Parte dei terreni era destinato a mëzzänë
, prato folto di boscaglia spontanea, dove pascolavano gli animali, sopratutto
ovini. Le greggi venivano rinchiuse ind'a lu jazzë,
il recinto a loro riservato, mentre i pastori e i massari alloggiavano al
casone. Il primo massärë
dirigeva il casone ed aveva alle sue dipendenze sottomassari e pastori,
questi ultimi distinti in pëcurärë, caprärë, cambjandë, vaccärë,
a seconda del tipo di bestiame che portavano al pascolo. Ogni pastore aveva in consegna
na morrë,
da 100 a 200 capi di pèquërë, àjnë, cjavarrë, zzurrë, zzembrë, mundunë.
I massari erano addetti alla lavorazione del latte munto, versato in grosso
catino, veniva scaldato e rimestato pë
lu rutëlaturë
fino alla coagulazione. Con cotture e diversi metodi di lavorazione, veniva
trasformato in furmaggë, casëcavallë, scamorzë, muzzarèllë, trèzzë, rëcotta
sckandë, pëlusë, bbudirrë
etc., dopo aver esattamente dosato lu quagljë
per ogni tipo di prodotto.
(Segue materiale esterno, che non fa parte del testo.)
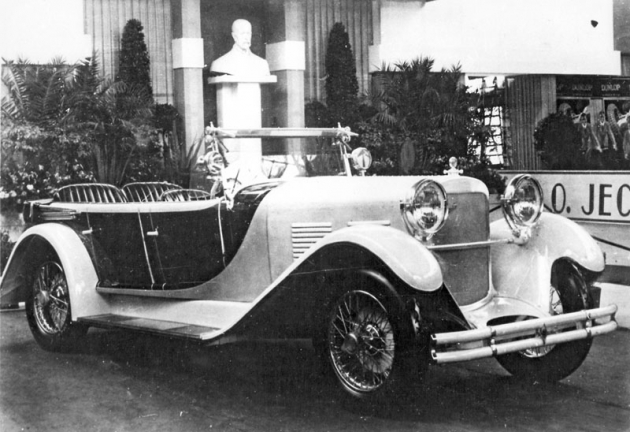 Luxusní otevřený vůz Walter 6 B, vystavený v říjnu 1928 na pražském autosalonu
SI facevano anche delle scamorze dure a forma di
taralli o cavallucci, che masticati dai bambini, aiutavano la calcificazione dei
dentini. Massari e pastori, di solito, erano originari della
Lucania, dell' Irpinia e degli Abruzzi, da dove scendevano per transumanza,
portando il bestiame a svernare nelle Poste calde e pianeggianti. I pastori
ascolani, invece, possedevano piccoli greggi e vivevano con la vendita del latte
e del formaggio, che essi stessi portavano nelle case degli acquirenti.